Re: Reg dm thin pool metadata inconsistency

Lakshmi Narasimhan Sundararajan Tue, 14 Apr 2026 05:06:02 -0700

Hi Ming,

I do not have the raw metadata unfortunately, did not collect from the
customer recovery.
We do have discard_passdown enabled on those setups where the issue occurred.

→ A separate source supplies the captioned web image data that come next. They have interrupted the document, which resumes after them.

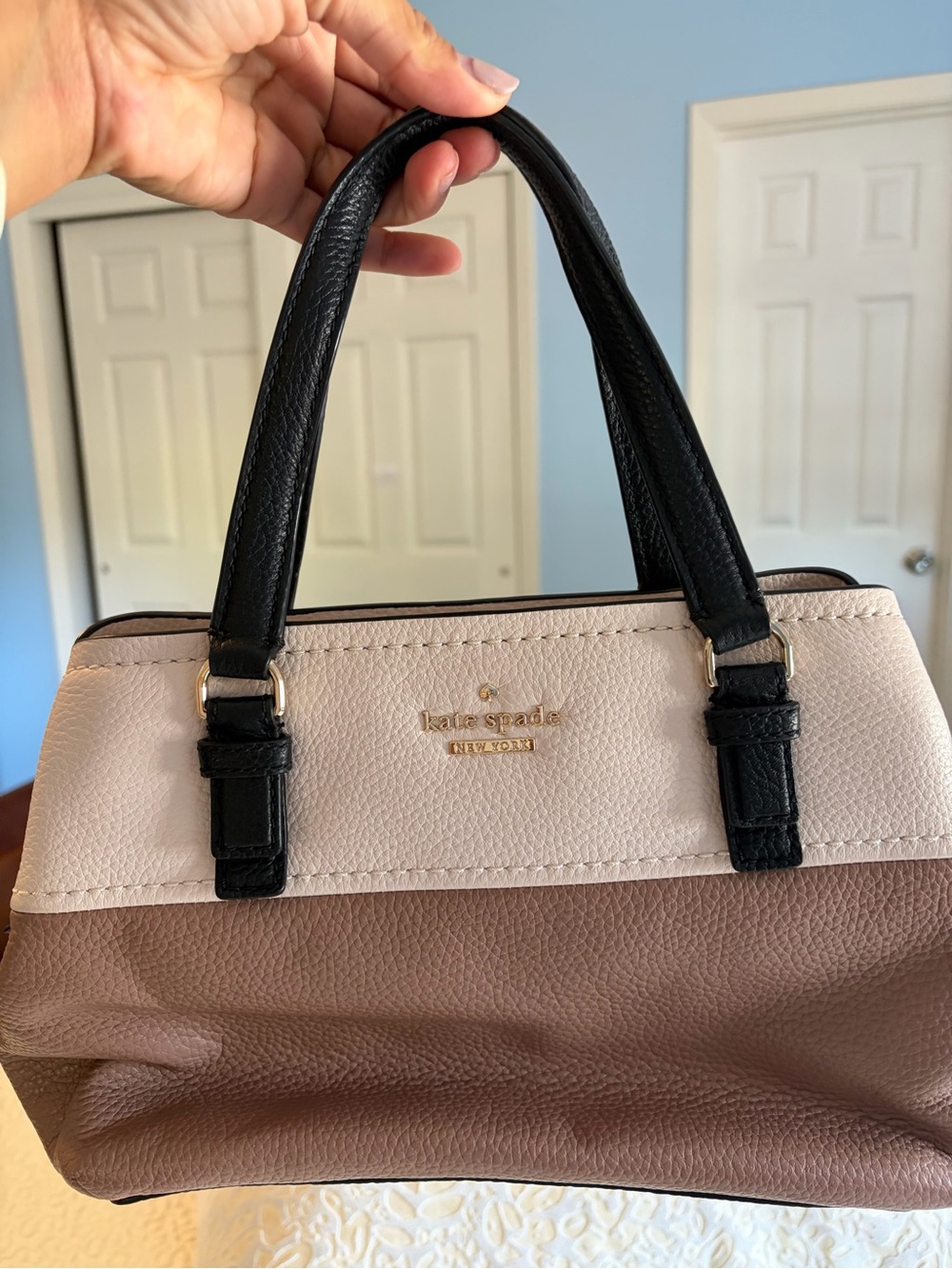 kate spade Cream, Taupe & Black Leather Satchel
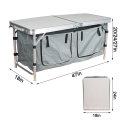 Lightweight Height Adjustable Foldable storage kitchen camping table with Large 2 Compartment Storage Bag for BBQ Party
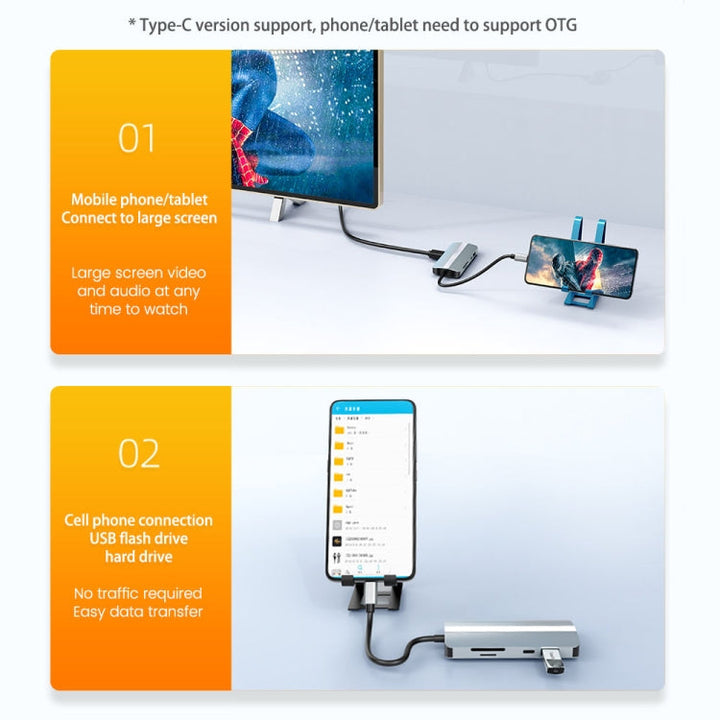 Lisslune | BYL-2206 9 in 1 USB-C / Type-C to USB Multifunctional Docking Station HUB Adapter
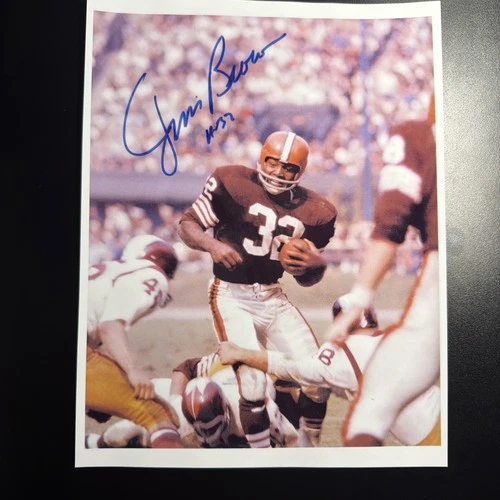 JIM BROWN SIGNED AUTOGRAPHED CLEVELAND BROWNS 8 x 10 Photo
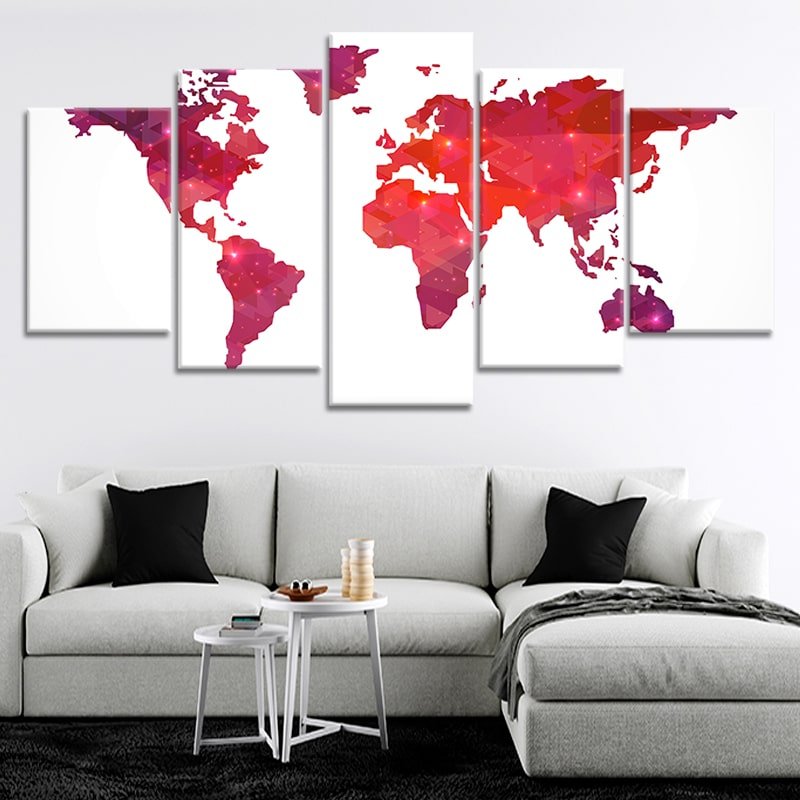 Red White World Map Wall Art-Stunning Canvas Prints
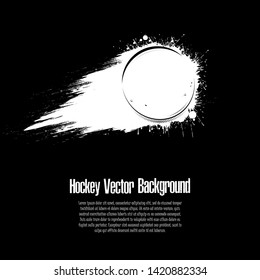 Grunge hockey background. Abstract hockey puck made from blots. Hockey design pattern. Vector illustration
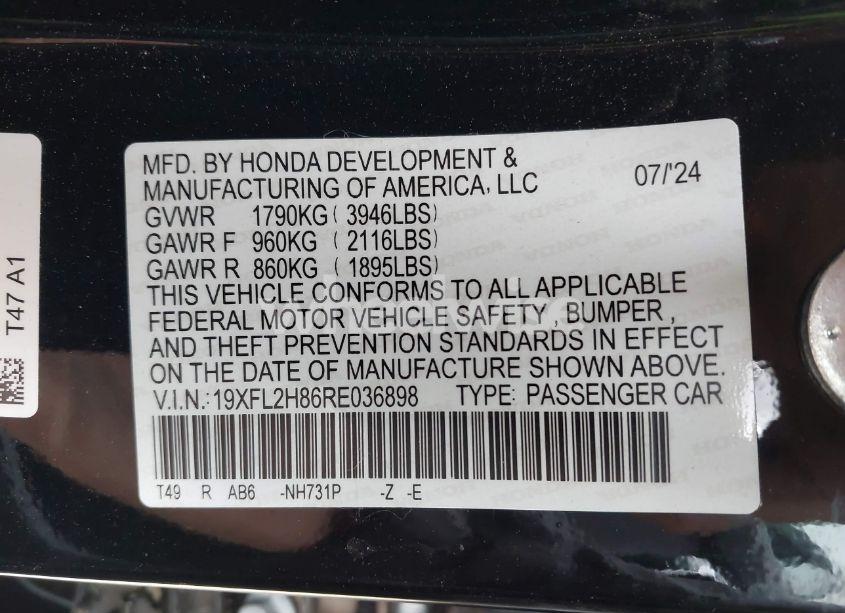 Photo 9 of 2024 Honda Civic SPORT (VIN 19XFL2H86RE036898)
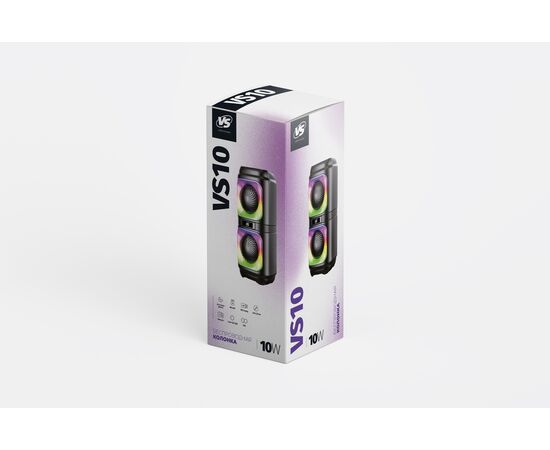  BT колонка  с  динамической подсветкой VS 204-01 LED, FM, MP3 USB/TF, JACK, TWS, 10 Вт, черная 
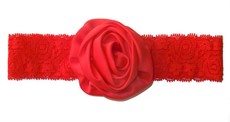 Puffy Rose Headband - Red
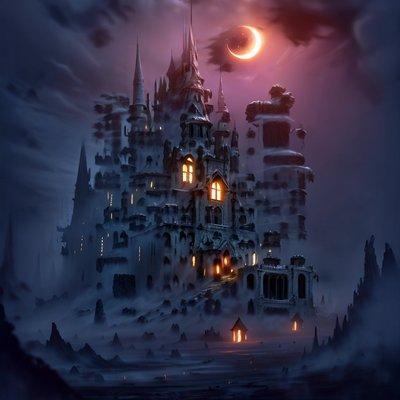 Haunted Gothic Castle Moonlit QR Code for Posters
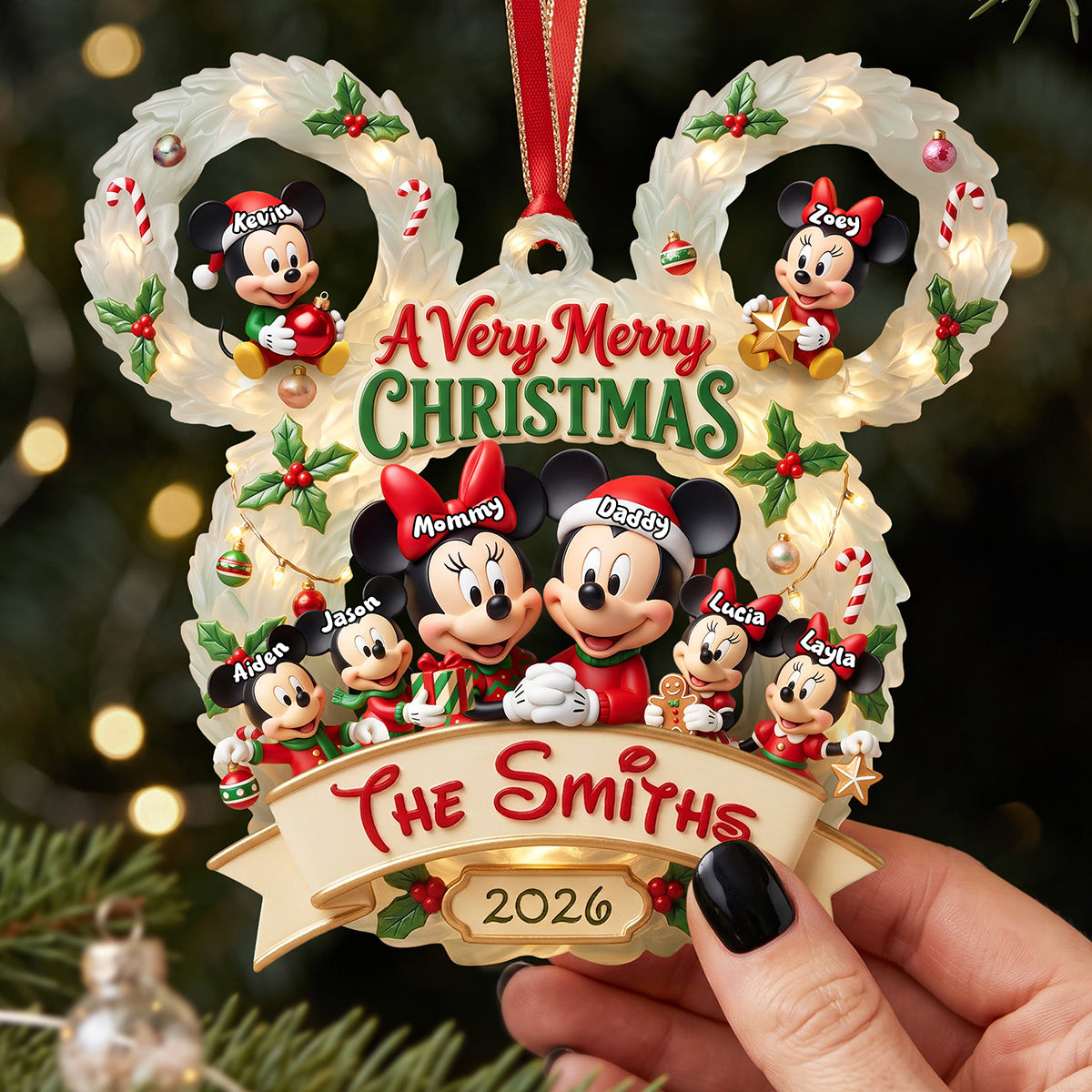 Mickey And Minnie Family A Very Merry Christmas Ornament Xmas Tree Decorations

Have you seen this problem before?

On Tue, Apr 14, 2026 at 4:58 PM Ming Hung Tsai <[email protected]> wrote:
>
> Hi,
>
> I have two questions posted inline.
>
> On Tue, Apr 14, 2026 at 1:59 AM Lakshmi Narasimhan Sundararajan
> <[email protected]> wrote:
> >
> > Good day!
> >
> > A gentle ping to hear an update from the authors here. More updates inline.
> >
> > On Sat, Apr 11, 2026 at 5:41 PM Lakshmi Narasimhan Sundararajan
> > <[email protected]> wrote:
> > >
> > > Hi LVM Team! A very good day to you all.
> > > [ I hope this email is the right one now]
> > >
> > > I recently experienced an outage where thin pool activation failed,
> > > details are as follows.
> > > Good news is, I was able to recover the pool through thin_repair.
> > > Thank goodness!
> > >
> > > There was no infra induced failure i.e. no network, disk, usage over
> > > limit, memory or compute being faulty orover used in any way.
> > > Node was running healthy for 13 days and suddenly hit this issue.
> > > Pool would handle I/O load (including discards), new volume
> > > creation/deletion, and other regular activities.
> > >
> > > I tried to identify if there is a direct known issue, but I was unable to.
> > > This generally seems to be some known issue, but I am unable to find a
> > > direct link with the same signature.
> > >
> > > a) how to induce thin pool failures at will, so thin pool does not
> > > activate, but repair succeeds, so  I can test this recovery in some
> > > controlled form.
> >
> > I have found a way, I think I can pull out the metadata xml and modify
> > highest transaction and rewrite the metadata and swap the pool to
> > recreate this condition.
> > pool activation will fail and thin_repair can correct it. Any easier
> > way that my suggestion, please feel free to suggest.
>
> Were you able to reproduce the issue on your end? I'm concerned that
> using metadata rebuilt from XML might not trigger the bug because the
> rebuilt layout differs from the original.
>
> Could you please provide the raw metadata image prior to any repairs?
> This will allow us to investigate the issue further.
>
>
> > > b) To your best knowledge this seems a known issue and fixed in a later 
> > > release?
> > > I did my search at both kernel bugzilla and RHEL - and I am hoping you
> > > can help me find it. Internet searches point to errata pages, but I am
> > > unable to find the
> > > exact ticket, commit that address this. The OCP platform was running a
> > > recent release from RHEL.
> > > Linux kernel: 5.14.0-427.109.1.el9_4 RHEL 9.4 This is likely 2 years old 
> > > though.
> >
> > So far I and my team have not been able to reproduce this issue, and
> > look to your help confirming whether
> > a) is this known already and is fixed!
> > b) whats the safest kernel to upgrade to?
> > c) still an open issue!
> >
> > >
> > > c) After spending some time reviewing thin code and the commits since
> > > the mentioned
> > > kernel from kernel.org linux.. I suspect it could be a race with
> > > discard and either IO or device creation/deletion on the same pool
> > > could cause this?
> > > Could the authors here, please confirm my code reading below.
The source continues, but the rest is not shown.